Deprivation of Citizenship Orders (Effect during Appeal) Bill Debate
Full Debate: Read Full DebateLord German
Main Page: Lord German (Liberal Democrat - Life peer)Department Debates - View all Lord German's debates with the Home Office
(1 week, 2 days ago)
Lords ChamberMy Lords, this legislation, while described by the Government as “small” and highly focused, carries constitutional significance and poses risks to fundamental rights, which is why it needs the rigorous scrutiny which this House can provide. The Government’s stated purpose for the Bill is clear: to safeguard the UK from individuals who pose a threat to national security or public safety. The Bill seeks to amend Section 40A of the British Nationality Act 1981 to ensure that if the Government strip a person of their British citizenship, the deprivation order remains in effect throughout the entire appeal process. This measure is a direct response to the Supreme Court judgment in N3(ZA) v the Secretary of State for the Home Department. That judgment established that when a person successfully appeals a deprivation order, their citizenship is automatically and retrospectively restored at that point.
The Government argue that this Bill is necessary to prevent high-harm individuals who are overseas from returning to the UK, and to stop persons seeking to undermine deprivation action by renouncing other nationalities in order to become stateless while an appeal remains ongoing. I understand the Government’s duty to keep the country safe, but we must question whether this measure is right, proportionate and the only tool available to achieve that goal. I will raise some of the contradictions that have been raised in the other place and look at some of the possible solutions to them. I will then pose questions to the Minister that I think will help to clarify the rightness and proportionality of the measure and whether it is indeed the only tool available to achieve that goal.
This Bill proposes to overturn the ordinary presumption that court orders take immediate effect. The legislation delays the restoration of citizenship until all governmental appeal rights are exhausted. That diminishes the only mechanism for scrutinising the Home Secretary’s decisions and thus could be viewed as an assault on the rule of law. The Bill grants the Government unwarranted power to ignore court rulings that find their actions unlawful. The Bill also applies retrospectively to appeals brought but not yet finally determined. This means that any individuals currently caught in the legal process will have the rules changed against them mid-appeal.
The principal concern relates to the severe consequences that this Bill poses, particularly for vulnerable individuals and potentially for British children. Under the current regime, the UK employs deprivation of citizenship orders more frequently than most other countries in Europe. The practice of citizenship-stripping disproportionately targets ethnic-minority communities. Some of those affected are stranded overseas and exposed to severe harms such as detention, cruel treatment and death, without consular protection or the ability to return home, even when courts rule in their favour.
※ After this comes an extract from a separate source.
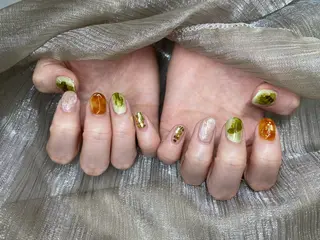 ショート 川端 優のネイルデザイン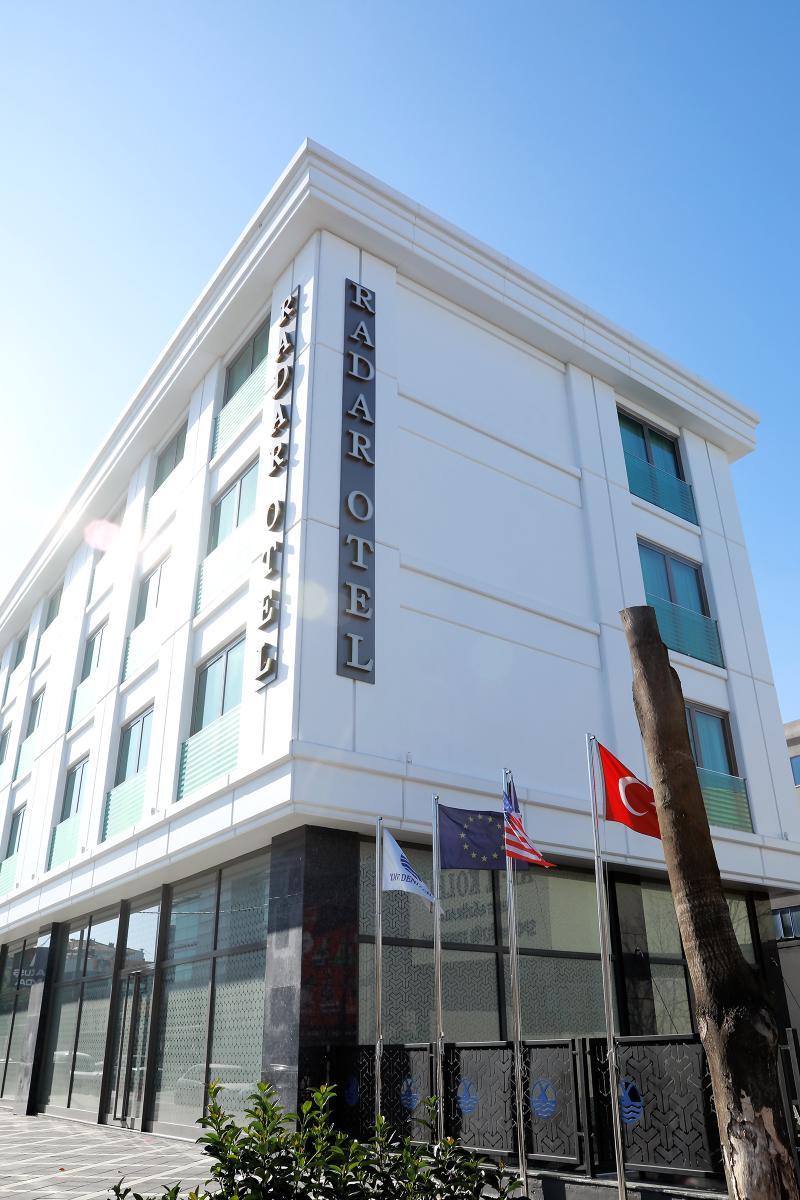 Radar Hotel Provincia di Provincia di Istanbul Esterno foto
The case of N3 (ZA) v Secretary of State for the Home Department is instructive. A child born in the UK to a British father whose citizenship was later ruled to have been unlawfully stripped was initially denied recognition as a British citizen. The Supreme Court ruled that the father should be treated as having retained his citizenship throughout the deprivation period. This Bill reverses that, meaning that future children in similar positions could be left without UK state protection until their parent’s final appeal is exhausted, which could be some years later.
We know that British children are already detained in inhumane conditions in places such as north-east Syria. Available information indicates that all British adults detained there have been stripped of their citizenship, leading to the creation of stateless, or effectively stateless, children. The Bill would expose those children to these extreme risks for a significantly longer period, even after a court has found that they have a valid claim to citizenship.
The Bill impairs an individual’s ability to participate meaningfully in legal proceedings. Individuals challenging deprivation from overseas face insurmountable barriers to accessing justice, making it difficult to instruct lawyers or access documents. The Bill prevents the individual, even after winning at the first instance, from returning to the UK to participate fully in the ongoing appeals process. UK courts have already acknowledged that appeals from those detained in north-east Syria would
“not be fair and effective”.
Forcing an individual to continue participating in this admittedly ineffective process compounds the unfairness.
I need to press the Minister on why the Government have chosen this blanket approach, rather than legislating for more targeted solutions, and why crucial safeguards have been either omitted or rejected. My questions to the Minister are as follows. First, the Government’s stated motivation is to maintain the ability to exclude individuals who pose a threat. Why was the alternative approach, suggested by Reprieve and others—of legislating to clarify the rules governing stays in the First-tier Tribunal and the SIAC, allowing the Government to apply for a stay of a successful order on a case-by-case basis where justified—rejected in favour of a blanket suspension?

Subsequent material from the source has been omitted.